実際の墨家がこのような働きをしていたとは思わないが、広大な中国大陸の戦乱の中で<兼愛>を説くというのはかように過酷なものなのか、と後半は呻き通しだった。『Hero <英雄>』『Lovers』『Promise<無極>』『the Myth<神話>』とアルファベットばかり踊る中国の戦乱ドラマの中で、ドーンと『墨攻』と墨書された題名、それが一線を画す覚悟か。

(言わずもがなとは思うが念の為付け加えると、題名の『墨攻』は無論墨守をもじったものだろう。

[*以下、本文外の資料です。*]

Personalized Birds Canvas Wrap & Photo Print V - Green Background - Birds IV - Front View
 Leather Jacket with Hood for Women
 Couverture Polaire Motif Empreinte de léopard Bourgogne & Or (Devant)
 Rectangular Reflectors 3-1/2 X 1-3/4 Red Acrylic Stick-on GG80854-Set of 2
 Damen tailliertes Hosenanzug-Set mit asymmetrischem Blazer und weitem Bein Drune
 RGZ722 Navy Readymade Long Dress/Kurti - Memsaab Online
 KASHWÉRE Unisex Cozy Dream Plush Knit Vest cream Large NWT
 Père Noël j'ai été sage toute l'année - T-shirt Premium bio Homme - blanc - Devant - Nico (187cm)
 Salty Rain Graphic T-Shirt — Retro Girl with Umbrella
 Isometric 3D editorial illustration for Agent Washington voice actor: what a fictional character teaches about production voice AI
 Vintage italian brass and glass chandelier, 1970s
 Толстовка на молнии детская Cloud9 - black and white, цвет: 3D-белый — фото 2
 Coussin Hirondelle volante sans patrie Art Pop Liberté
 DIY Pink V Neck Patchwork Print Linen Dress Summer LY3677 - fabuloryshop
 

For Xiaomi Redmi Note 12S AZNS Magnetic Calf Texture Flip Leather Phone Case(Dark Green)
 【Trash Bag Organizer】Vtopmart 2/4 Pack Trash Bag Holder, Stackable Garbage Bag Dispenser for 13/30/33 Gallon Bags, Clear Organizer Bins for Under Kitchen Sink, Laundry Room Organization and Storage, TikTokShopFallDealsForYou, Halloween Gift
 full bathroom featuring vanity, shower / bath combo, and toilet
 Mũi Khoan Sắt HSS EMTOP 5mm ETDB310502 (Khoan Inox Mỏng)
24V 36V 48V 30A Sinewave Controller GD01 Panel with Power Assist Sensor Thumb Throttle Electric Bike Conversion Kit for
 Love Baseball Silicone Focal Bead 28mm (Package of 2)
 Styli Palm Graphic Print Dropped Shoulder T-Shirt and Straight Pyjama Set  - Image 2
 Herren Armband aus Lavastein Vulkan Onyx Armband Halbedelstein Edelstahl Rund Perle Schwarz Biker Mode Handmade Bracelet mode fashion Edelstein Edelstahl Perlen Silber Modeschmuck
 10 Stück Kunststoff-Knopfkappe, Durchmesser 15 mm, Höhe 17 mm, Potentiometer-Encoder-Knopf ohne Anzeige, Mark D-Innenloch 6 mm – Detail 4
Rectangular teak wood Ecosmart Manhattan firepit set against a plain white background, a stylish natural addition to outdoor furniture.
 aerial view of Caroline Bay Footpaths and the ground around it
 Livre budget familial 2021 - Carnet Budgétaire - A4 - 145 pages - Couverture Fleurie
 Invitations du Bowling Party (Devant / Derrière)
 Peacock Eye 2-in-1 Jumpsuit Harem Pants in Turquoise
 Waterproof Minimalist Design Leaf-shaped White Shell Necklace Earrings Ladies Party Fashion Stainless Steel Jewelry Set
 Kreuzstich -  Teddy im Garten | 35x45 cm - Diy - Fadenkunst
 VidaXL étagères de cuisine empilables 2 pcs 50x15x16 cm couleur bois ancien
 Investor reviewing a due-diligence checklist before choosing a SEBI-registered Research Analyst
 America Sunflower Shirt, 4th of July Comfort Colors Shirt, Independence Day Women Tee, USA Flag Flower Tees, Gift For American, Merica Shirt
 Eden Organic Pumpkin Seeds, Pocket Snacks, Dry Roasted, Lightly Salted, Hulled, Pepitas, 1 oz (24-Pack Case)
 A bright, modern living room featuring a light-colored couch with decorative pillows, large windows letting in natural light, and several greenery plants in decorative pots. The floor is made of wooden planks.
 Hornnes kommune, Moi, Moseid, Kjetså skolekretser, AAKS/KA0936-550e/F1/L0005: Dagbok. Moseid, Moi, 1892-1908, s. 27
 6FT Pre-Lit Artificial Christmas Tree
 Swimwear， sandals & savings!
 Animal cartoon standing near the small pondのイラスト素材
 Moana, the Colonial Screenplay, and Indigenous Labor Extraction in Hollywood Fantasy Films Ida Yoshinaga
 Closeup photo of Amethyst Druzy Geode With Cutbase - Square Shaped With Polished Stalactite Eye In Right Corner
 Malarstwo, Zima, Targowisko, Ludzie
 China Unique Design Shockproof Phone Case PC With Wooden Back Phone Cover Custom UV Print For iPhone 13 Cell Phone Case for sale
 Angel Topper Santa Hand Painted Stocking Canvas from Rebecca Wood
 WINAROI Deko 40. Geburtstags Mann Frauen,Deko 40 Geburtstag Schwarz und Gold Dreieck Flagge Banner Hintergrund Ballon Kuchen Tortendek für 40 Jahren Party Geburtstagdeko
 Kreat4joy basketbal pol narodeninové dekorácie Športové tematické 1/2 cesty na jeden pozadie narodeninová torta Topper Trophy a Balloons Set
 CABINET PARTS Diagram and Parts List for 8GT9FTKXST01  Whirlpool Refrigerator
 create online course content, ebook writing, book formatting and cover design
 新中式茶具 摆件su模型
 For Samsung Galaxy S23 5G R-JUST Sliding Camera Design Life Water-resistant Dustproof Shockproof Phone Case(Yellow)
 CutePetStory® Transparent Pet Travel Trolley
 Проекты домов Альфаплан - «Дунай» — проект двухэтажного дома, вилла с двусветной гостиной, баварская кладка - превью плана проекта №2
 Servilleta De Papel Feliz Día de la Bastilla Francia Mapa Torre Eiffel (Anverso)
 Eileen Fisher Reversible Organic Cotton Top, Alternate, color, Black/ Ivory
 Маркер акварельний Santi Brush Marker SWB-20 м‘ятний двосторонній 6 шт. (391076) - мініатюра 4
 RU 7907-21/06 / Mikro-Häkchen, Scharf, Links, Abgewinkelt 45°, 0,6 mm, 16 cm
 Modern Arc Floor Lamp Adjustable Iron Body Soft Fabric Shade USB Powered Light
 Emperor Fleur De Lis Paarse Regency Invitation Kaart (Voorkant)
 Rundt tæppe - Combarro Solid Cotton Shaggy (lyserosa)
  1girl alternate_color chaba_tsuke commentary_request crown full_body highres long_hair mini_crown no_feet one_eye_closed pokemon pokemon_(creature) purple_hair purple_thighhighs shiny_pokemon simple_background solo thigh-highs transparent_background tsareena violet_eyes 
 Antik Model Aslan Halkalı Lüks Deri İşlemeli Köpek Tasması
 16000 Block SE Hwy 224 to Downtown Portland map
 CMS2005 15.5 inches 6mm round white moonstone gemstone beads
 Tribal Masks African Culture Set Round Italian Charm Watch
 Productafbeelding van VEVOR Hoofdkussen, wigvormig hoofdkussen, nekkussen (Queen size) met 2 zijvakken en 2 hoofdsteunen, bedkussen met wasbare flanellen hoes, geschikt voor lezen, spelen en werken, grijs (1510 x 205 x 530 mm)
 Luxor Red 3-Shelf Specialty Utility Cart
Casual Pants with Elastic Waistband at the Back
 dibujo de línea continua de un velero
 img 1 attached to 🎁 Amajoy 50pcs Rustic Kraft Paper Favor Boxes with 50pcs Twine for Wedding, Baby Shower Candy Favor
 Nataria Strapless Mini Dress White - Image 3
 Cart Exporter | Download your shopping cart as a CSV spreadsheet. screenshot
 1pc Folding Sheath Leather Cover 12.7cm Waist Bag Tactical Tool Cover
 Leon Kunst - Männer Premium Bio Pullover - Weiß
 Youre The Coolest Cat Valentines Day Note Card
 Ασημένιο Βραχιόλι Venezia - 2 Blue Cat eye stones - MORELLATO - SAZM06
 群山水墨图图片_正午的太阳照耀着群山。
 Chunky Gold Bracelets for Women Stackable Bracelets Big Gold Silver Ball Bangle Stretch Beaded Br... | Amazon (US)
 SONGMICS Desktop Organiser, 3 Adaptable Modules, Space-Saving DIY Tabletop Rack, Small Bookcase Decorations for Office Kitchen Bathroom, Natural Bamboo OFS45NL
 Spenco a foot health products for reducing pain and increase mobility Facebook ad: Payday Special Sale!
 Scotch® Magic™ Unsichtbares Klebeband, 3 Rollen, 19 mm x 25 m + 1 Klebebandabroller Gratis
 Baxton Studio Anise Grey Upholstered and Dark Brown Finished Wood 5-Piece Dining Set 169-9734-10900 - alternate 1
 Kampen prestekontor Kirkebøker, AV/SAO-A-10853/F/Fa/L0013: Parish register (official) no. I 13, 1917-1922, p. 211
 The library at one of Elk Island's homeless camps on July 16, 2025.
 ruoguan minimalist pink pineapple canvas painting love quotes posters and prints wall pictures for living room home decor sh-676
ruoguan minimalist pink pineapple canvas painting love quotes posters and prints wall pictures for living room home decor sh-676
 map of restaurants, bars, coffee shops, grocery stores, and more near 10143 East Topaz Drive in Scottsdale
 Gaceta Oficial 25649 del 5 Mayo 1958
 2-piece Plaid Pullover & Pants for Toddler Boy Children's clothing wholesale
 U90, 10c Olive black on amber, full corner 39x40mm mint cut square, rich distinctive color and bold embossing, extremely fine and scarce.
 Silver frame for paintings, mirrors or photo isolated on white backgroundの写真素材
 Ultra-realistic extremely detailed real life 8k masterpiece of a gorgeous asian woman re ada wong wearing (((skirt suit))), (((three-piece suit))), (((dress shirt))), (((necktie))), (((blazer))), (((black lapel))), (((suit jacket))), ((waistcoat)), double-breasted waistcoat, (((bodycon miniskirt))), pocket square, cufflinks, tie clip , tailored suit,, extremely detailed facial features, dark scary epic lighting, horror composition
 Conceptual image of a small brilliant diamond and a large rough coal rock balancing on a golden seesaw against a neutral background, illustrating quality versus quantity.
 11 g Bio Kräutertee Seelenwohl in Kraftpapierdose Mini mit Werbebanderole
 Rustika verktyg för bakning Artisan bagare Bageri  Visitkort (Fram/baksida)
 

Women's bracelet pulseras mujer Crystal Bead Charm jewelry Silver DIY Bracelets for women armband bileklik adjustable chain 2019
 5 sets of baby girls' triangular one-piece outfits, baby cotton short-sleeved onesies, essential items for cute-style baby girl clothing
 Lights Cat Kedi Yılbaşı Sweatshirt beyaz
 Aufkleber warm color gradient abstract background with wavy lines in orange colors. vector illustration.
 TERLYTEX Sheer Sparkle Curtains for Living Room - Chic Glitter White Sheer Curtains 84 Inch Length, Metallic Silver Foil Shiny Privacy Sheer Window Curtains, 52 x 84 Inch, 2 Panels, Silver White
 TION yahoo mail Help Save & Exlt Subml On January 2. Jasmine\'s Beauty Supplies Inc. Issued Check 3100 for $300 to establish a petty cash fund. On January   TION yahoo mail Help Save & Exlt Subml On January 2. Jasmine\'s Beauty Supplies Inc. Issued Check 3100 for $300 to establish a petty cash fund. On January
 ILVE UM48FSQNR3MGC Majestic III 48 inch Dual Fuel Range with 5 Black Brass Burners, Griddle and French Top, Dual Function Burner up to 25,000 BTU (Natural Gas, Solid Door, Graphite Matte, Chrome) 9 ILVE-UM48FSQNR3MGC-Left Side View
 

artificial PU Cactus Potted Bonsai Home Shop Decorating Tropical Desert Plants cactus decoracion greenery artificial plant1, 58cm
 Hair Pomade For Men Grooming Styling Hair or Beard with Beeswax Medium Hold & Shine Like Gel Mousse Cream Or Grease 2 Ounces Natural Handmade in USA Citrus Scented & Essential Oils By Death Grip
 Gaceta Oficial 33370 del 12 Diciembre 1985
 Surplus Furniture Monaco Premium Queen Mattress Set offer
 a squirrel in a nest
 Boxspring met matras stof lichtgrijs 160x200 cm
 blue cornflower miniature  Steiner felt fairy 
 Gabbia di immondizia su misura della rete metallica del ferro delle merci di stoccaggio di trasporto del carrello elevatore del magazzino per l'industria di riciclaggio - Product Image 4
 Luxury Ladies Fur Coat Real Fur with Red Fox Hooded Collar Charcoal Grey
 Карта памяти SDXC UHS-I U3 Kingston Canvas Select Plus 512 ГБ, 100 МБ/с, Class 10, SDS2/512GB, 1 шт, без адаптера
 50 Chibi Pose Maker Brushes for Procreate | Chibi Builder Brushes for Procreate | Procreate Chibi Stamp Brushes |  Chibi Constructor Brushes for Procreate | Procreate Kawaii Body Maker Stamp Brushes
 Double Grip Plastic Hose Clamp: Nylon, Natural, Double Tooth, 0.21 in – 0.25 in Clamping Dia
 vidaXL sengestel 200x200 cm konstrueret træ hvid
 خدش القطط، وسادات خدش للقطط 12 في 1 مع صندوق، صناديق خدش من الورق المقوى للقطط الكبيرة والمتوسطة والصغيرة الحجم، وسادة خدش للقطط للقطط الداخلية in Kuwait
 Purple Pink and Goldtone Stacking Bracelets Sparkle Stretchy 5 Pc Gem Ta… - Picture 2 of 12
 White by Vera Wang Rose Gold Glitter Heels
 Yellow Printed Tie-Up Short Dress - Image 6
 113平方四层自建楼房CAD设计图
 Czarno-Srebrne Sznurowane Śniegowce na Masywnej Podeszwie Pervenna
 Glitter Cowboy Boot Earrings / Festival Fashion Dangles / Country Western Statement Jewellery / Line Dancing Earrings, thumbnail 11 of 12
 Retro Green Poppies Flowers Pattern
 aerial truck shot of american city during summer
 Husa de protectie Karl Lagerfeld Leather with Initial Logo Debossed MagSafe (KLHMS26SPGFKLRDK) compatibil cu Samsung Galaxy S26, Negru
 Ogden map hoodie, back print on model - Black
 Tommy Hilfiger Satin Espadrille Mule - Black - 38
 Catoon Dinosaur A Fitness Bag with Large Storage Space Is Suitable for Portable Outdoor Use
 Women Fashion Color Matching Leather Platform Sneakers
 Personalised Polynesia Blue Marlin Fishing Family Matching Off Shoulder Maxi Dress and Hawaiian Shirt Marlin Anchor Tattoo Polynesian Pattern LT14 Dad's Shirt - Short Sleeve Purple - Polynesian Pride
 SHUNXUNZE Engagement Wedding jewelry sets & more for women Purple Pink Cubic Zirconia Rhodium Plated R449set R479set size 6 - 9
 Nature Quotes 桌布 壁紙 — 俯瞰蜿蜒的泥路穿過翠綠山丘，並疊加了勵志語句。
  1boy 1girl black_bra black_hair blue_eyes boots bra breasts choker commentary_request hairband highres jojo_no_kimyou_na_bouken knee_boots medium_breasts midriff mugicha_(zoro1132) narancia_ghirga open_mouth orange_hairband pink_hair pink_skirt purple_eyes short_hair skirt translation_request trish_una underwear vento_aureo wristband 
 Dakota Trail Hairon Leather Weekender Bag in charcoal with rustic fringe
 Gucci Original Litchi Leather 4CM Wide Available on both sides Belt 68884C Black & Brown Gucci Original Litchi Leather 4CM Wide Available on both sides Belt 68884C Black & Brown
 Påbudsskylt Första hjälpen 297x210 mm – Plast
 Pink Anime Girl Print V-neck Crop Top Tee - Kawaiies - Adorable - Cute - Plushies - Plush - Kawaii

「墨守」とは決めた事を固く守るという意味で「死守」や「遵守」に近いが、決められた事を守ると言うより、より「自らの信念を持って貫く」という意味合いが強いように思われる。「墨守」は解るがでは「墨攻」とは何か。原作については漫画を連載中に数話読んだに過ぎないので断定的な事を言うのは止めておくが、この映画を観たひとは「非攻」を掲げている筈の墨家の「攻め」とはなにか、について考えて欲しいと思う。)

アンディ=ラウ、骨太でありながら打ち拉がれ彷徨う主人公を演じ、見事。アン=ソンギワン=チーウェンも癖のある太い演技を見せる中で、当初今ひとつ間抜け顔に思われたチェ=シウォンファン=ビンビン、そしてウー=チーロンがドラマの中で重要な役所を任せられ、それを演じ切っているのも佳かった。この映画に対する信念とヴィジョンが監督に無ければ、彼らはありきたりの添えものに終わっていただろう。俳優たちを成長させた映画だったのではないかと思われる。

城攻めの<智略>を見せながら、<武>とは何なのかと本質を問う。平和主義を国是とする我々日本国民も覚悟を迫られる映画である。(ぼくはこの映画にアン=ソンギが出演してくれている事に深く感謝の念を感ずる。日本人が創った戦乱の世に於ける「非攻・兼愛の徒」の物語を、香港・中・台・韓・日のスタッフが結集して映画化する事、その事自体に強い決意表明がある事は言うまでもない。)